*WORK INSTRUCTION*.
The answer should hold only the lines from the one that contains "Artificial Outdoor Sunset" through the last line of the material, repeated exactly, without pictures.

*EXERCISE MATERIAL*.
· · ·
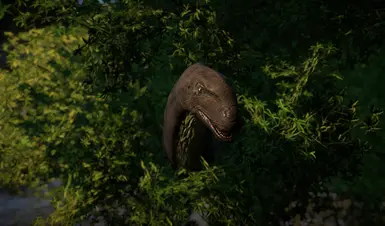 Peekaboo!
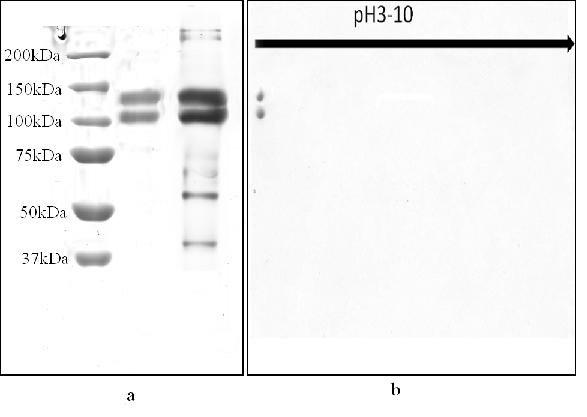 Colloidal gold immune test paper strip for cubilose and preparation method for colloidal gold immune test paper strip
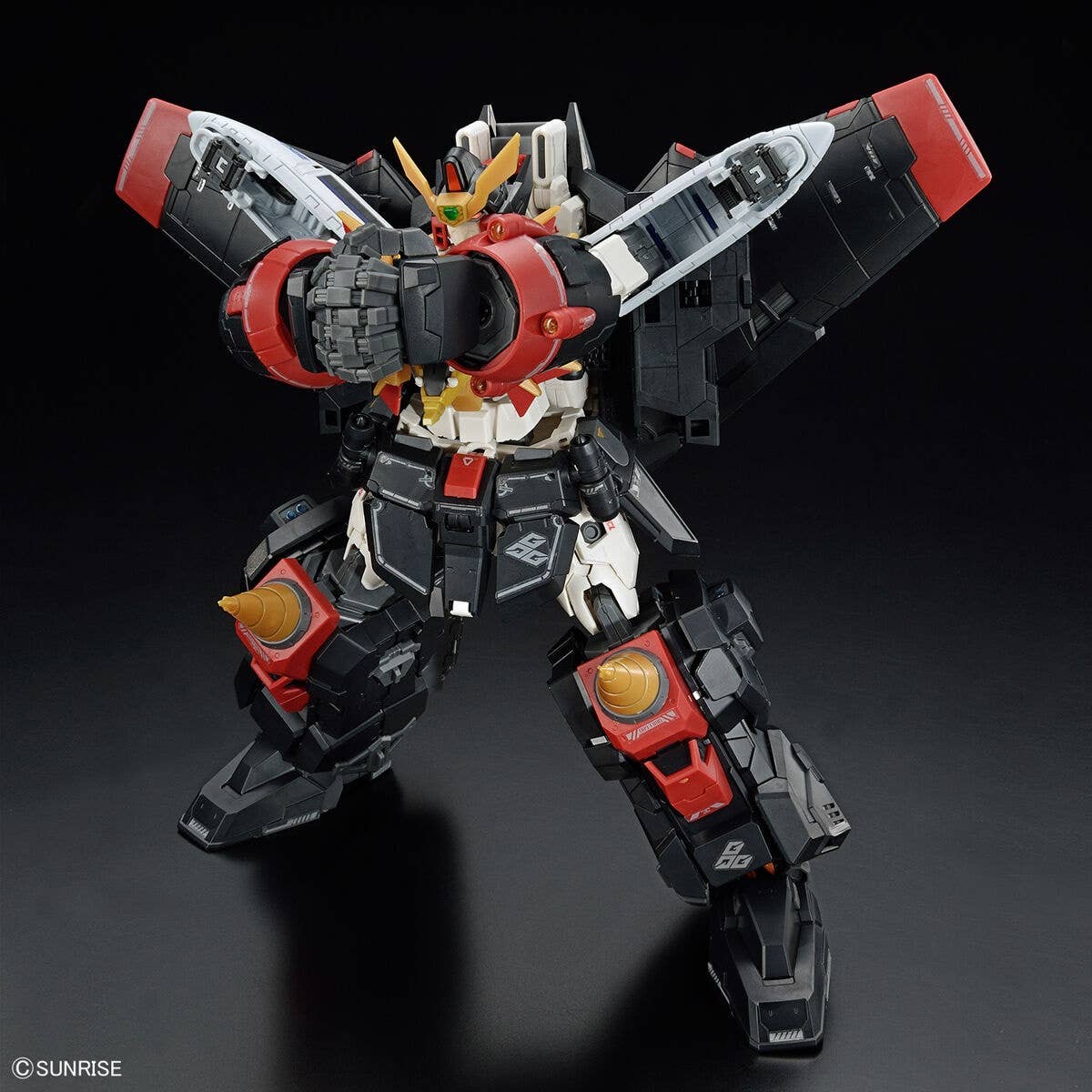 RG Gaogaigar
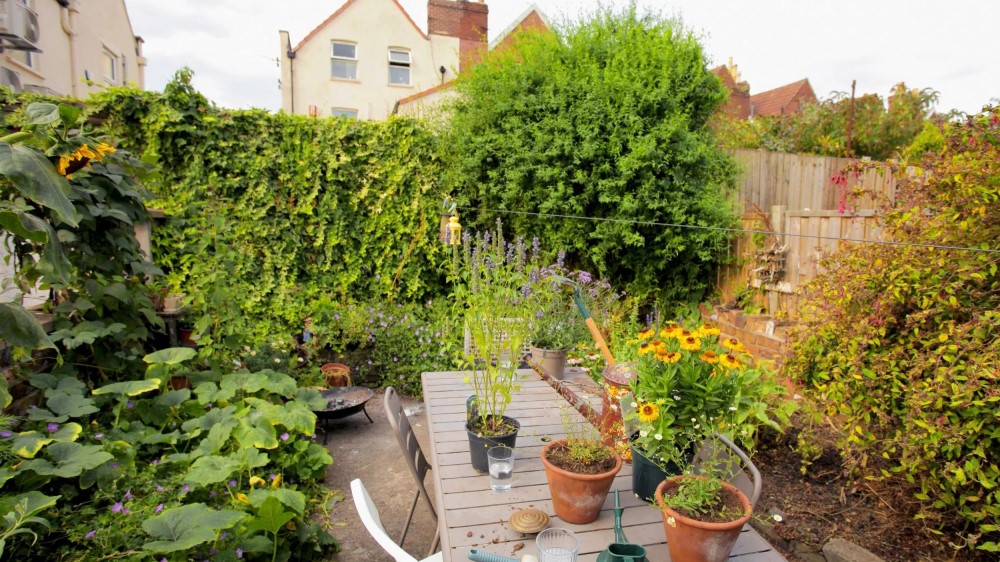 بهترین نهال برای حیاط خانه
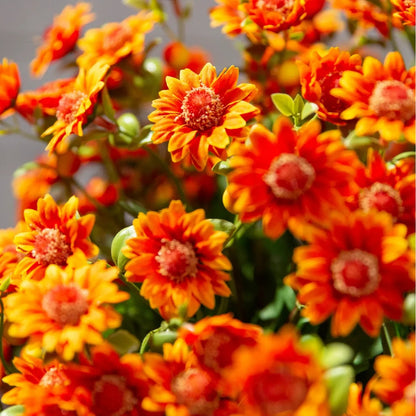 Artificial Outdoor Sunset Mums Flowers - UVresistant, Waterproof, Windproof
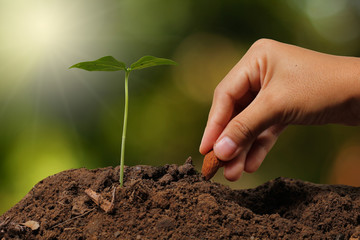 Hands of farmer growing and nurturing tree growing on fertile soil with green and yellow bokeh background / nurturing baby plant / protect nature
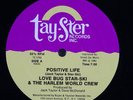 LOVE BUG STAR-SKI & THE HARLEM WORLD CREW Positive Life 12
· · ·
*SOLUTION*.
 Artificial Outdoor Sunset Mums Flowers - UVresistant, Waterproof, Windproof
 Hands of farmer growing and nurturing tree growing on fertile soil with green and yellow bokeh background / nurturing baby plant / protect nature
 LOVE BUG STAR-SKI & THE HARLEM WORLD CREW Positive Life 12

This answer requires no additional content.